Anche la Turchia, pur non riconoscendo la repubblica secessionista, ha mantenuto rapporti informali con l’Abkhazia prima e dopo il conflitto. In questo quadro nel 2009 i rapporti fra Ankara e Tbilisi avevano vissuto una frizione. Nel mese di settembre il ministro degli Esteri turco Ahmet Davutoğlu si era recato nella capitale georgiana per facilitare il rilascio del capitano di una nave turca accusato di aver violato la “Legge sui territori occupati” commerciando con l’Abkhazia e condannato per questo a 24 anni di prigione. Il fatto si ascriveva in un contesto di insofferenza georgiana per la pratica di rifornire via mare l’Abkhazia dai porti turchi, e avveniva dopo il passaggio della guardia costiera georgiana al ministero degli Interni, fortezza del nazionalismo georgiano.
La Turchia rappresenta un’ottima possibilità per l’Abkhazia: ha un mercato accessibile via mare, una ricca minoranza abkhaza (quella stessa che, attraverso la “Federazione delle Associazioni del Caucaso” e la “Federazione delle Associazioni Abkhaze” ha invitato la delegazione di Sukhumi), storica e ben integrata nel tessuto sociale e produttivo turco. Insomma, un sogno di multivettorialità che percorre il mar Nero verso nord, ma anche verso sud.
Problemi di sovranità interna: fra sicurezza e accuse di violazione del cessate il fuoco
Mentre questo sogno viene rimbeccato dalle parole secche del governo turco, peraltro non inattese per Sukhumi, anche la politica interna soffre. L’8 aprile a Gali, distretto abkhazo popolato da una maggioranza georgiana, si è registrato un episodio di sangue destinato a far discutere. Innanzitutto perché è il primo incidente che, avendo lasciato a terra un agente dell’FSB (i servizi segreti russi) e due georgiani, potrebbe indicare una violazione del cessate il fuoco, e poi perché riconduce all’annoso problema del livello di sicurezza e di controllo del territorio esercitato dalle agenzie preposte da Sukhumi. Tbilisi sostiene che si tratti in sostanza di questo, che la sparatoria sia da ricondursi alla dilagante criminalità nella Repubblica secessionista. Sukhumi muove l’accusa che i due uccisi, Lasha Sichinava e Malkhaz Kharchilava, fossero agenti del dipartimento della Sicurezza costituzionale, ex ministero della Sicurezza, attuale ministero degli Interni.

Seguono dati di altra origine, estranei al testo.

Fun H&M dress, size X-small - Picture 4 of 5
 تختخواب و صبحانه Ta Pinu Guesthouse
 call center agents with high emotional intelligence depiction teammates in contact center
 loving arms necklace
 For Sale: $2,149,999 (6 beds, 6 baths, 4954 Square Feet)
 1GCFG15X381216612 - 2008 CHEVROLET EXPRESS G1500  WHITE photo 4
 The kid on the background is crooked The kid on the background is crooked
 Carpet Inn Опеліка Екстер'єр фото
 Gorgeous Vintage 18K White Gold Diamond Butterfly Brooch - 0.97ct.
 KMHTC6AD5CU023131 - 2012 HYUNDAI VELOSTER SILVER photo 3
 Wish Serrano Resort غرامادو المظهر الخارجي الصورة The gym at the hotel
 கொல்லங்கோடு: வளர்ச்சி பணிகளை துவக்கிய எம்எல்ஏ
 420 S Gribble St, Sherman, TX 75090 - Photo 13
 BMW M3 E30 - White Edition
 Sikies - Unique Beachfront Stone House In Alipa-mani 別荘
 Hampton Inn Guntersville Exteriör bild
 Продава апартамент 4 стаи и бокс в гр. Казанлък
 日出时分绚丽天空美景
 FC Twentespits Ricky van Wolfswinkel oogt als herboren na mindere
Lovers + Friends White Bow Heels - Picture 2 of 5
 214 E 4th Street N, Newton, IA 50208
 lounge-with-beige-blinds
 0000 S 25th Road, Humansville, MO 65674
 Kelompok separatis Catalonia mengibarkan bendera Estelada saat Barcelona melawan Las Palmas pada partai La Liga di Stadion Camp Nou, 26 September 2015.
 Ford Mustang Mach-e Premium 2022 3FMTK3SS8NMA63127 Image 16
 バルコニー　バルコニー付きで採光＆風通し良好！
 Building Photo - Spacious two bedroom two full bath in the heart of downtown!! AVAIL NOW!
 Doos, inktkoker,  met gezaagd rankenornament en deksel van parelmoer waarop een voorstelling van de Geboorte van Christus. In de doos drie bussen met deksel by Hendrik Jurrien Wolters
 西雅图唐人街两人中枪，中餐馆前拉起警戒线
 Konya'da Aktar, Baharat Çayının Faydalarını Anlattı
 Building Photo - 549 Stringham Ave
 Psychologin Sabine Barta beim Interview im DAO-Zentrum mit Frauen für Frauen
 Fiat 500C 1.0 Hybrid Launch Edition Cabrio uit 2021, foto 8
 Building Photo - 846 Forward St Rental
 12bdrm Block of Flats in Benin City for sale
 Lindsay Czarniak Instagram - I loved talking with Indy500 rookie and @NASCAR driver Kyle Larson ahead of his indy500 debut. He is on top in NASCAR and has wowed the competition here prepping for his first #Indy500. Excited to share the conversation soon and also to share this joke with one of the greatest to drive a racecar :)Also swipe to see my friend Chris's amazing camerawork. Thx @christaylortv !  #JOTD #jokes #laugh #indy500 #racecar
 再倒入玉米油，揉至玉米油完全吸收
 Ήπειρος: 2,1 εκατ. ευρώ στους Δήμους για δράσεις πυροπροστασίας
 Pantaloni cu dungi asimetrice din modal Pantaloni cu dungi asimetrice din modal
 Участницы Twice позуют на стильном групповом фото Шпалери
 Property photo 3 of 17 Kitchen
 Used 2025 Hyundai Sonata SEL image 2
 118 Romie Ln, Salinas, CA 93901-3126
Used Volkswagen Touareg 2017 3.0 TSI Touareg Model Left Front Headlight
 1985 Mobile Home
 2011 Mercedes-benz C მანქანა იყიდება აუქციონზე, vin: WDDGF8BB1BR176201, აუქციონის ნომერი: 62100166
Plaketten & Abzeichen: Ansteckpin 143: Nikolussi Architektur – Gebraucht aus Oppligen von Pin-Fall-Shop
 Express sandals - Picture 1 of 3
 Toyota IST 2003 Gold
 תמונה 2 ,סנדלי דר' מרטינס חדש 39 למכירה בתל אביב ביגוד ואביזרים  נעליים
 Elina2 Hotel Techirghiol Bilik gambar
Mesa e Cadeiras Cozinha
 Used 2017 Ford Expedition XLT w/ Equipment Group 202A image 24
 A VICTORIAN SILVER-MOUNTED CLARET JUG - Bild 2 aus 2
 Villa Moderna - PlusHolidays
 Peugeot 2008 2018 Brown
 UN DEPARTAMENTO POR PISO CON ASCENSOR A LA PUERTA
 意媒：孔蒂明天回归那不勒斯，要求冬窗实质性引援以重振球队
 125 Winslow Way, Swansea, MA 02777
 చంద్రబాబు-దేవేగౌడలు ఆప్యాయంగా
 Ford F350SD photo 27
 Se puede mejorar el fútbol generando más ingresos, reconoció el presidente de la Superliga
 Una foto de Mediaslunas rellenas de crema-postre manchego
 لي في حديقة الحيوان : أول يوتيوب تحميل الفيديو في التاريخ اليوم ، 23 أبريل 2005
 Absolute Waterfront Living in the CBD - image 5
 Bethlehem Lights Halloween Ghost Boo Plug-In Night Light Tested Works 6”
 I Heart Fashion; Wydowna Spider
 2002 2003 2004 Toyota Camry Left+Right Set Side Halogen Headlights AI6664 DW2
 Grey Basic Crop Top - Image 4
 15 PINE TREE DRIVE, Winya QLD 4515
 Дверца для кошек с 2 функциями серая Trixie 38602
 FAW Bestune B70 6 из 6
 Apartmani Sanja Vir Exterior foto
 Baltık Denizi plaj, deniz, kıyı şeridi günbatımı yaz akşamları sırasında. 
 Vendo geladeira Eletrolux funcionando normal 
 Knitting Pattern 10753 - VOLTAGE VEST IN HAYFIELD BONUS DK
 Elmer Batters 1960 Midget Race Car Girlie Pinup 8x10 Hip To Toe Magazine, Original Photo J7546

La sparatoria sarebbe un atto di sabotaggio trans-frontaliero, il che ha portato il ministro degli Esteri Russi Lavrov ad accusare Tbilisi di voler destabilizzare i “confini”, pur non additando il ministero degli Interni come mandante bensì il gruppo criminale para-militare dei Fratelli della Foresta, che operava tra Abkhazia e Georgia fino alla “Rivoluzione delle Rose” e il cui leader Davit Shengelia sarebbe stato scarcerato da Tbilisi.
Vi sono quindi tutti gli elementi perché il confronto diventi russo-georgiano, il che non può che ulteriormente mettere a nudo quanto sia flebile la statualità abkhaza.